Friday, August 10, 2012

Mother-in-law's silk blankets

Late July of 1984 was as unbearably hot as it is these days. Did we really have to get married in such sweltering heat? Six months earlier, my husband and I had simply signed a marriage license at New York City Hall. We couldn't imagine holding a full wedding like other people. But under pressure from both sets of parents, we reluctantly agreed and flew to Los Angeles, where his family lived, to have a ceremony.

The wedding was held at a small church that my sister-in-law attended. We chose it after promising the pastor that we’d study the Bible and get baptized after marriage. My younger sister-in-law, a fashion design major, took care of the dress and makeup. My older sister-in-law, a painter, helped too. My brother-in-law, who studied photography, handled the flowers and pictures. My father-in-law, who had spent his life cooking Western food while working at the northernmost edge of Alaska near the Arctic Ocean, prepared the cake and food with his own hands. I just did as my in-laws told me to. We didn’t even go on a honeymoon.

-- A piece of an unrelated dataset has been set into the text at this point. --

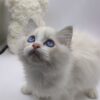 Kerry - Ragdoll Male 2.5 Months Old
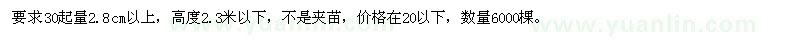 求購紅豆杉3公分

My parents were thrilled their 30-year-old daughter was finally getting married. They brought two huge immigration suitcases filled with wedding gifts, the traditional yedan. I didn’t even bother to check what was inside. As soon as the wedding was over, I flew straight back to New York.

Over the next 28 years of marriage, I slowly learned what had been in those giant suitcases—through long phone calls with my mother-in-law. Every weekend, she would talk for about an hour, often recalling the horrific moments she had lived through, as if they were scenes from an old film. One of her most frequent stories was about the winter she spent as a war refugee. She always started with how bitterly cold it was.

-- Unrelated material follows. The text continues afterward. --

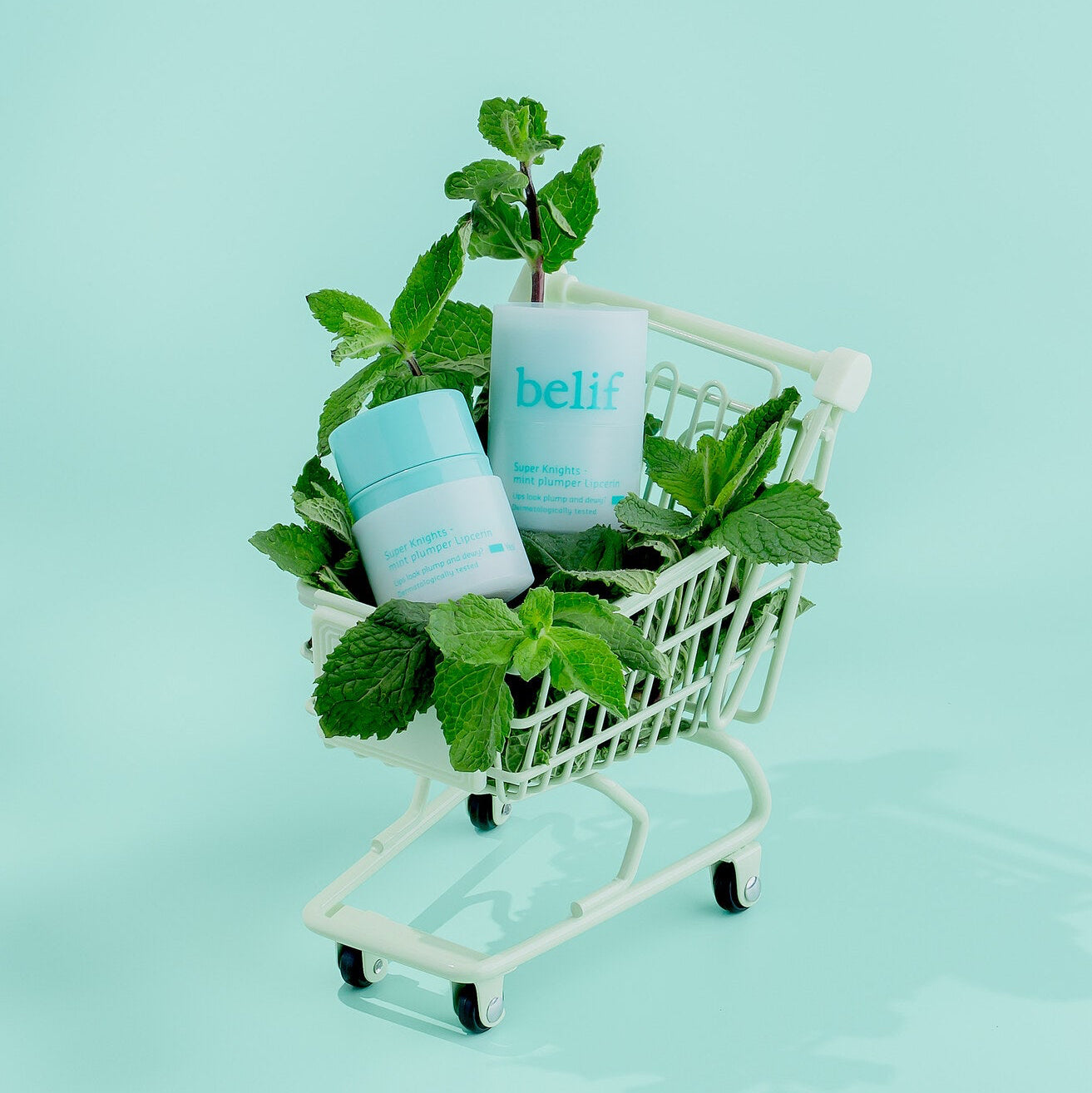 BELIF Super Knights - Mint Plumper Lipcerin (15ml) – Skin Cupid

She told me about the time her young daughter died and she had to bury her in the snow-covered ground. She dug the frozen earth herself, but when she looked back, she realized the ground was too shallow—her child’s pale limbs were still visible above the dirt.
“Mother, how did you go on living after burying your child like that?” I once asked.
“The others were starving. I had to survive for their sake,” she said. Then she went on to describe how she almost died giving birth to my husband, how she used to break ice to wash diapers in the stream, how her hands stung from the cold. She remembers winter more vividly than summer. And she loves warm quilts.
“The silk comforter your mother gave me as part of your yedan—it’s the warmest thing I’ve ever had. I still use it. That silk is the finest I’ve ever seen in my life. And that delicate ramie quilt for spring and autumn, it’s so beautiful I couldn’t bear to use it for years. But lately I’ve been using it, thinking, ‘What’s the point in saving it when I might die any day?’ I stare at the embroidered patterns before falling asleep, they’re just so lovely. Even the thin hemp summer quilt is perfect and cool.”
She didn’t get a mink coat or a designer bag from me—but she still talks lovingly about those quilts I brought when I got married. And every time I hear her say that, I think:
“I guess I did marry into a good family.”

My father, who still lives in Seoul, once told me:
“If you had gotten married in Seoul, we would’ve spent a fortune. These days, if you brought a yedan like that, you’d be laughed at. You’re lucky your in-laws are kind, humble people without greed. Take good care of them.”

As a mother of two sons myself, I think that when the time comes for me to meet my daughters-in-law, I’ll forget yedan even existed. If the couple helps each other and lives happily together, that’s the real gift—and the real act of devotion.